Vital computer system has gone down more than 50 times since launching in Spokane, VA confirms
WASHINGTON – An electronic health record system being piloted at Spokane’s VA hospital and other sites in the Inland Northwest has been partly or completely unusable at least 50 times since its launch in 2020, the Department of Veterans Affairs confirmed.
The computer system, which health care workers rely on to track patient information and coordinate care, saw a total of 42 “unplanned degradations” and eight “unplanned outages” between its launch in 2020 and April 20, 2022, VA spokesman Randal Noller said in an emailed response to questions from The Spokesman-Review. Two more outages occurred April 25 and 26, VA officials told a congressional panel at the time, for a total of 52 incidents.

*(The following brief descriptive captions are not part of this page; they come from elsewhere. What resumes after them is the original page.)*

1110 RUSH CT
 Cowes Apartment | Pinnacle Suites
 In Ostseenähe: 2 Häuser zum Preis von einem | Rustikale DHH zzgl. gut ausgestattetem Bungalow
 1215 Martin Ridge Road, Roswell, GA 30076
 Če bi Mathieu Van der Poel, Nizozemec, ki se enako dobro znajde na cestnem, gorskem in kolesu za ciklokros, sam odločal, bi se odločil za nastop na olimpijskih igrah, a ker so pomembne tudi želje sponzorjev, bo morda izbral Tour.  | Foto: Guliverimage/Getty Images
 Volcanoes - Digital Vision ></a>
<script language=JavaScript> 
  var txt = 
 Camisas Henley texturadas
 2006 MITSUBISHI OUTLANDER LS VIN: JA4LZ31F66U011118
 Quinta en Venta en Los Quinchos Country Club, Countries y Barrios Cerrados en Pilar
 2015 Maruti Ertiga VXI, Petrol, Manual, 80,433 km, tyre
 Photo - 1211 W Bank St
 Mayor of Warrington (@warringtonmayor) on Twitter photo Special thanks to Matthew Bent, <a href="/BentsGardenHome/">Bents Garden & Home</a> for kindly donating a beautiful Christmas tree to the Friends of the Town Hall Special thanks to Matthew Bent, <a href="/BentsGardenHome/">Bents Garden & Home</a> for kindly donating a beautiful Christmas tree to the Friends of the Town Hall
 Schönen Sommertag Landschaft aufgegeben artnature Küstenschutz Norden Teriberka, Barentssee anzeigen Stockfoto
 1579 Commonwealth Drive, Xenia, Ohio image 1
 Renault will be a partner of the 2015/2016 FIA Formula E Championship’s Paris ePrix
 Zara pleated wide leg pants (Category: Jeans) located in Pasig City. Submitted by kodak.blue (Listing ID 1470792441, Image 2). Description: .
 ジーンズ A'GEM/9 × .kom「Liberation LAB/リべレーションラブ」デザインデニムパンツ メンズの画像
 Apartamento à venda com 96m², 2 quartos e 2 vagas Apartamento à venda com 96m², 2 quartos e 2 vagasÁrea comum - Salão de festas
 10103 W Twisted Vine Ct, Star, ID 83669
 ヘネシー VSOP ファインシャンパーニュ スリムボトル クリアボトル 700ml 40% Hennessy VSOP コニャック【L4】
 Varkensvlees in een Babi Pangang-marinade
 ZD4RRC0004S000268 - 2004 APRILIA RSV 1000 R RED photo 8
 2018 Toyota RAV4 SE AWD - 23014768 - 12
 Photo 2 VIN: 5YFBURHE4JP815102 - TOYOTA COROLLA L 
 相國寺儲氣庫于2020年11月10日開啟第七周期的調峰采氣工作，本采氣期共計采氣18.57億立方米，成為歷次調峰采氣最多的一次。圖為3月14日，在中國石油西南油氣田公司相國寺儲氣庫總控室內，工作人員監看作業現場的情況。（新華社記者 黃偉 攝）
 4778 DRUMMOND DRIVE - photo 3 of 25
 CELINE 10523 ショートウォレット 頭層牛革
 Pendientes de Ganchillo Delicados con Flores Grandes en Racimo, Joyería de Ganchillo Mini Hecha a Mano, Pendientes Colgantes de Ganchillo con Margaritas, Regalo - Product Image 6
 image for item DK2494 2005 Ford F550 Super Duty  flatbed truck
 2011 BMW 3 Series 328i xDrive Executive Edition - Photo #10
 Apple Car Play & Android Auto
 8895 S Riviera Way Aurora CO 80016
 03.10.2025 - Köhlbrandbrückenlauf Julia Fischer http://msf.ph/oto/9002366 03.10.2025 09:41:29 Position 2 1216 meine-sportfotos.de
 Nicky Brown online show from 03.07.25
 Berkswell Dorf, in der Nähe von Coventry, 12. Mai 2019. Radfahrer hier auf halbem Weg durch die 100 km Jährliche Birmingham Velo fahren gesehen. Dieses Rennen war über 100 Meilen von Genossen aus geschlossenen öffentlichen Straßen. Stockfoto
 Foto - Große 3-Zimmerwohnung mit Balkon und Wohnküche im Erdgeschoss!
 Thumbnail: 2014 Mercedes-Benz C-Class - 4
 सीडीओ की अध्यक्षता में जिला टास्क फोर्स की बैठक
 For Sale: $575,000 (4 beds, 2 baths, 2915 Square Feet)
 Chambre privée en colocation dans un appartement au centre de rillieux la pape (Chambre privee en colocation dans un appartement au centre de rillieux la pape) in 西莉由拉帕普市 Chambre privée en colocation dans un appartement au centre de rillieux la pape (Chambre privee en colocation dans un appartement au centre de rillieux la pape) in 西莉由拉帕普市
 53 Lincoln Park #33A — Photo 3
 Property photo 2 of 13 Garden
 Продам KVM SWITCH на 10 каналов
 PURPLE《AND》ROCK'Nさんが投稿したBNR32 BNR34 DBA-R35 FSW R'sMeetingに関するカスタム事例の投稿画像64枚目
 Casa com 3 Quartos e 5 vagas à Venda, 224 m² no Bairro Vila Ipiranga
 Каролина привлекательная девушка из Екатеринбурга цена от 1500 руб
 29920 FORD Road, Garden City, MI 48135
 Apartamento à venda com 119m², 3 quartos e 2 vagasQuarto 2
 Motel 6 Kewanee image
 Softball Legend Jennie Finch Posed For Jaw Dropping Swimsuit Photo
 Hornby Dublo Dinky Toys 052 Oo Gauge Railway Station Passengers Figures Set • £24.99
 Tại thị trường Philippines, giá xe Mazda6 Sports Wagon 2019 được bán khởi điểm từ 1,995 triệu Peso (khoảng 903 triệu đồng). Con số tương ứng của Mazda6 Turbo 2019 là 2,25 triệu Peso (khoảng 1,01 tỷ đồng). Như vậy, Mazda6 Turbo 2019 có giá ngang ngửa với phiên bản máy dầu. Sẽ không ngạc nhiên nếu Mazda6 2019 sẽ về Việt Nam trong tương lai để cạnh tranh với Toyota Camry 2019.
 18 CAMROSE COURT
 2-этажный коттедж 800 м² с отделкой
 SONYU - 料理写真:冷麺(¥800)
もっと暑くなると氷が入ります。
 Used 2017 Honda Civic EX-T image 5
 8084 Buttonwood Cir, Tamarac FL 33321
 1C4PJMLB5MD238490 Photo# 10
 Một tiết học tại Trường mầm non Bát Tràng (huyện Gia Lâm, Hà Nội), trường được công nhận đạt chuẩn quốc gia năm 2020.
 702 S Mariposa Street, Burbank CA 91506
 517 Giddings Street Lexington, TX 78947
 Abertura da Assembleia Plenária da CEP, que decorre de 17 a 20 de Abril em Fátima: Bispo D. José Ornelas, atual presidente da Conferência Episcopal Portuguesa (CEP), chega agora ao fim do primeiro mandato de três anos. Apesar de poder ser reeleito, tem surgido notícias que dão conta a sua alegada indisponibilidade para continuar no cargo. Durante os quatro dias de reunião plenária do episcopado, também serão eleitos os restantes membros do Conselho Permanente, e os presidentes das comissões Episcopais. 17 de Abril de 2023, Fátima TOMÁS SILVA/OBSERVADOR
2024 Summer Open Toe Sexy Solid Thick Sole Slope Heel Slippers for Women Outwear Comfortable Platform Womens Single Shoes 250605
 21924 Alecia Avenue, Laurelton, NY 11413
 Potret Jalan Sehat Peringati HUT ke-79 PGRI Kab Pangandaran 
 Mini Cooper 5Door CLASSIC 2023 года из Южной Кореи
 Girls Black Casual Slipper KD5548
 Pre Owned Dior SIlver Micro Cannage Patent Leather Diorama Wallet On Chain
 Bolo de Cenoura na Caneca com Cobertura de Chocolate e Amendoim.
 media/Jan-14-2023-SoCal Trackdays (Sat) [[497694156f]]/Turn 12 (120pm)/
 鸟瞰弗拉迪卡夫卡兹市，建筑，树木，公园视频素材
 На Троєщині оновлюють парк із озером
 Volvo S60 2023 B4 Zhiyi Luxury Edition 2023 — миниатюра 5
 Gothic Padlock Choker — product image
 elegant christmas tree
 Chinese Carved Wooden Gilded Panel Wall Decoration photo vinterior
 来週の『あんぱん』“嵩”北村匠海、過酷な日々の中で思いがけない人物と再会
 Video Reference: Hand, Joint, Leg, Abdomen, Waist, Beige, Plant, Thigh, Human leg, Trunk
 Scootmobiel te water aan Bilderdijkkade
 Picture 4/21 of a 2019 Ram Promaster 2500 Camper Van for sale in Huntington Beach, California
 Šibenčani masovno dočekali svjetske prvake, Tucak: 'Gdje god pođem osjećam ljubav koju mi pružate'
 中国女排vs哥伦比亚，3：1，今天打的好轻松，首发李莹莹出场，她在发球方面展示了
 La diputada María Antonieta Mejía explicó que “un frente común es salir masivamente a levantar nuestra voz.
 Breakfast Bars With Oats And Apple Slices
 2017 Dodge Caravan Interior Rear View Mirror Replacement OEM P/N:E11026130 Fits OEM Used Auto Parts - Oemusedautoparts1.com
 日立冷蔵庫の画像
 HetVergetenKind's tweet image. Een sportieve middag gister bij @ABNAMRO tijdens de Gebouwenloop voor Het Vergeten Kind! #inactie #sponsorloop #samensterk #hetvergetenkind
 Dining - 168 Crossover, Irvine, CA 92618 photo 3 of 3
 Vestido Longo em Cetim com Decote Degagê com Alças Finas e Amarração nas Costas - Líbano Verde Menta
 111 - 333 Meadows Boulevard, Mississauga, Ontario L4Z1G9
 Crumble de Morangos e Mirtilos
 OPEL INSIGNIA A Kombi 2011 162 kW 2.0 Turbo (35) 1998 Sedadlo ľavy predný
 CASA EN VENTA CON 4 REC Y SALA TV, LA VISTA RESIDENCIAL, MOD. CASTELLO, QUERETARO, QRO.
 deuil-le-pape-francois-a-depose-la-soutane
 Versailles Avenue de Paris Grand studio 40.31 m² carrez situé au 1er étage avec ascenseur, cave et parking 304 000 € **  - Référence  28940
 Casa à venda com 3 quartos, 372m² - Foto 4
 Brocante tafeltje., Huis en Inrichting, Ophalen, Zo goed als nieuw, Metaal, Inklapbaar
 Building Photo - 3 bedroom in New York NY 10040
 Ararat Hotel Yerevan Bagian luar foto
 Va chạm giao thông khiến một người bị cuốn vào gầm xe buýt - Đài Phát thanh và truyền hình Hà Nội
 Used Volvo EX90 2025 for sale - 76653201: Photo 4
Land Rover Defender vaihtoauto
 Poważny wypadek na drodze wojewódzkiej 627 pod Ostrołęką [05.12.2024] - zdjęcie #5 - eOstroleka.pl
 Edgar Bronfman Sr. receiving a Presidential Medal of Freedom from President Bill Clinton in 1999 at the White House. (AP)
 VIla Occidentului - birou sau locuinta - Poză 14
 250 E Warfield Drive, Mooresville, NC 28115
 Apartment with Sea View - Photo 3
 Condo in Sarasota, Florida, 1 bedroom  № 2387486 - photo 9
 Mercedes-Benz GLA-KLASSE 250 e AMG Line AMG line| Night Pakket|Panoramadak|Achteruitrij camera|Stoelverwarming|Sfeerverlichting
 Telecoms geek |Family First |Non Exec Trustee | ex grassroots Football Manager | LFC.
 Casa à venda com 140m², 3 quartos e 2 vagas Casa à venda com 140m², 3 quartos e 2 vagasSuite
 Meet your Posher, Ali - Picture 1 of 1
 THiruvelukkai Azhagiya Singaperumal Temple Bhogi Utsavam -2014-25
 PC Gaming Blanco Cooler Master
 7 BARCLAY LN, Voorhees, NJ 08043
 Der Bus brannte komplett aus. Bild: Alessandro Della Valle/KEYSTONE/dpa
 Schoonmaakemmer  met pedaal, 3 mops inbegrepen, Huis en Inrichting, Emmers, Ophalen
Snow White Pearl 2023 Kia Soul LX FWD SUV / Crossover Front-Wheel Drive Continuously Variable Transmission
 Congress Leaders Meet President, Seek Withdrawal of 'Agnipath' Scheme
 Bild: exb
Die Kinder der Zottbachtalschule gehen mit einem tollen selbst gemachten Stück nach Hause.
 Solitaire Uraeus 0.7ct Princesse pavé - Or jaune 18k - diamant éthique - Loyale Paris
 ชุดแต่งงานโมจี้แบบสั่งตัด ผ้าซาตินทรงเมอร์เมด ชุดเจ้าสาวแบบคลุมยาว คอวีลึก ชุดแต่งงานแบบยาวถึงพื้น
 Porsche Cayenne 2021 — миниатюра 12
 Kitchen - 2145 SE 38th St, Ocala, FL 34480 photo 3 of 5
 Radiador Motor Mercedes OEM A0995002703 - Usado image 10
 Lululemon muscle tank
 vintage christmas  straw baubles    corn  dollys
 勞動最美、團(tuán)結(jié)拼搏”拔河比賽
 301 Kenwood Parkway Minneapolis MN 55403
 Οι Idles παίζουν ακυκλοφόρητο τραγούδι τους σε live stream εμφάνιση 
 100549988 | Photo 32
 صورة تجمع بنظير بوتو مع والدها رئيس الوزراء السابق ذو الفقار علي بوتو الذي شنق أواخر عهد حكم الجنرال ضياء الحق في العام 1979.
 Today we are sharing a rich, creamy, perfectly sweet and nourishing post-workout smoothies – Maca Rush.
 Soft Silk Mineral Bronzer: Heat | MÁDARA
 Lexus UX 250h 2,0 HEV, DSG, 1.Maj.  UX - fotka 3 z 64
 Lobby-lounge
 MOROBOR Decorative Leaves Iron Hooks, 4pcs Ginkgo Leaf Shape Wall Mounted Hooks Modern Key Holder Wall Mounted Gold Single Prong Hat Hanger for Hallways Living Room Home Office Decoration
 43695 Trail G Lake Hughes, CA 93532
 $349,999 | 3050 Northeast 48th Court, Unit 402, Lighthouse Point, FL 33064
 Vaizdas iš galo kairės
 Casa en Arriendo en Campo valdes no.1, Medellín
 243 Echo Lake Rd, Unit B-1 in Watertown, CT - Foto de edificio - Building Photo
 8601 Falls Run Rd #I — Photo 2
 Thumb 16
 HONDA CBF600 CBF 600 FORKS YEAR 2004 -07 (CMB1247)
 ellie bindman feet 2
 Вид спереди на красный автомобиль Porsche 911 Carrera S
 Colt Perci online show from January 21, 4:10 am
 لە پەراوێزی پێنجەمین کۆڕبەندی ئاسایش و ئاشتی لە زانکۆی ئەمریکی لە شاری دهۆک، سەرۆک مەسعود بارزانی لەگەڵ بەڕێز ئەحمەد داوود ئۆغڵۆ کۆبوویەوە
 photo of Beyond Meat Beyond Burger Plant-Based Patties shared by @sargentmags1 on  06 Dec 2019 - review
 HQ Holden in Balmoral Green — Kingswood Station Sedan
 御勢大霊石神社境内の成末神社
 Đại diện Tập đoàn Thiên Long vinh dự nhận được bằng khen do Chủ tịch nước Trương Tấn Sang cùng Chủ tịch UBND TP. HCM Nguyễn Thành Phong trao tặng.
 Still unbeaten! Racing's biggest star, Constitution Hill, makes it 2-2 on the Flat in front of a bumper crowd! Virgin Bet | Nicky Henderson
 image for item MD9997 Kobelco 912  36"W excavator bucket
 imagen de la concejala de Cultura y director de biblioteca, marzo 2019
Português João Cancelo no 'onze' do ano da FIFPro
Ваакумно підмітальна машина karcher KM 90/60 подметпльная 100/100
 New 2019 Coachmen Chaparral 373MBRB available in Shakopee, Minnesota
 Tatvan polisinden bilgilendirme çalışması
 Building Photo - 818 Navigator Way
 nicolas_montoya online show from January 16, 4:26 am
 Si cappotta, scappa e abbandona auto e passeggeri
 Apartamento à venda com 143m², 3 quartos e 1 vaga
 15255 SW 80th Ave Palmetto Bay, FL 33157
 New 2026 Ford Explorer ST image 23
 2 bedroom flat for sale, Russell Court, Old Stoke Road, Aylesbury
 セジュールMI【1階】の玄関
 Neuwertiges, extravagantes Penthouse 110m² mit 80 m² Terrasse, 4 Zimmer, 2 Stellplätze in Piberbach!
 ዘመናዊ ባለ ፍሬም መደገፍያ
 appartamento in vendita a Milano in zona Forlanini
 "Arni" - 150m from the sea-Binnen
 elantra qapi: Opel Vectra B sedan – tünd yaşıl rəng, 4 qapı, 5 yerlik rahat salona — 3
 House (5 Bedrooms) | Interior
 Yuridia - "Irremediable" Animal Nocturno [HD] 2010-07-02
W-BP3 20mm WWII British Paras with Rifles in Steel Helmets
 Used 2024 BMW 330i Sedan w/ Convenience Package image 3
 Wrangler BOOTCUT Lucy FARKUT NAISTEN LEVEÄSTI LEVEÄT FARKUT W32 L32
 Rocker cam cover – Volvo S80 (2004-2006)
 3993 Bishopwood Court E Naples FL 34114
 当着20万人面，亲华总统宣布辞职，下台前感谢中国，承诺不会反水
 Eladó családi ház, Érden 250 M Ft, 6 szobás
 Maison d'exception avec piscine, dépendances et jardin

The system, which launched at Spokane’s Mann-Grandstaff VA Medical Center in October 2020, is being developed under a $10 billion contract awarded to Cerner Corporation in 2018, without the competitive bidding process that applies to most federal contracts of that size. The VA Office of Inspector General has estimated the planned 10-year effort, which is behind schedule, will cost as much as $21 billion and another $2 billion for each additional year it takes to finish.
In the email, Noller emphasized that most of the incidents were not “large-scale outages,” such as one in early April that affected VA as well as the Department of Defense and the Coast Guard, which also use the Cerner system. Many of the “degradations of service,” he said, affected only some of the users at Mann-Grandstaff and its affiliated clinics in Spokane, Coeur d’Alene, Sandpoint, Wenatchee and Libby, Montana.
After multiple delays prompted by problems in the Inland Northwest that threatened patient safety and left health care workers exhausted and demoralized, VA launched the Cerner system at facilities in Walla Walla on March 26 and in Columbus, Ohio, on April 30. The rest of the nation’s more than 1,200 VA facilities continue to use an older system, known as VistA, which remains popular among health care providers.
“No matter the type or size of incident, VA and Cerner employ an extensive incident management protocol to ensure users can continue to provide quick, safe and effective care,” Noller said in the email.
When the system goes down, the affected VA employees are forced to use “downtime procedures,” which involve recording all information with pen and paper and entering it into the system once it is restored.
The department had acknowledged several outages in recent months after they were reported by The Spokesman-Review and other news outlets, but had not previously revealed the total number of times the system has gone down. VA did not answer a question about the total amount of downtime that has occurred and did not immediately respond to follow-up questions.
In an exchange with Sen. Patty Murray, D-Wash., in a Senate Appropriations subcommittee hearing Wednesday, VA Secretary Denis McDonough said he was frustrated by the six outages that had occurred since March 3. But when Murray asked the VA chief to commit that the system would not be brought to any other sites in Washington until the problems are fixed, he committed only to “make every decision based on the experience of the learning to date.”
In a House VA Committee hearing April 28, McDonough told Rep. Matt Rosendale, R-Mont., he would not allow VA to continue rolling out the Cerner system “if I ever have any reason to think that this is creating risk for our patients.”
In the same exchange with Rosendale, McDonough said he had closely read an April 24 Spokesman-Review story about a veteran who was hospitalized with heart failure for five days in March after the Cerner system played a role in a vital medication being mistakenly stopped. A Spokesman-Review investigation in December found Mann-Grandstaff employees fear the system represents a danger to veterans.
In an April 26 hearing, Rep. Frank Mrvan of Indiana, the Democratic chair of the House subcommittee charged with oversight of the Cerner rollout, said the system should not be deployed at larger, more complex facilities like the VA medical centers in Seattle or Portland until problems are resolved. In the same hearing, Don Pirraglia – who until recently served as the top Veterans Health Administration official working on the Cerner rollout – said he had made that same recommendation, but McDonough has not announced any change to the deployment schedule.
The Cerner system is next set to launch in Roseburg and White City, Oregon, on June 11; Boise on June 25; Anchorage, Alaska, on July 16; Seattle and other Puget Sound facilities on Aug. 27; three sites in Michigan on Oct. 8; and Portland on Nov. 5.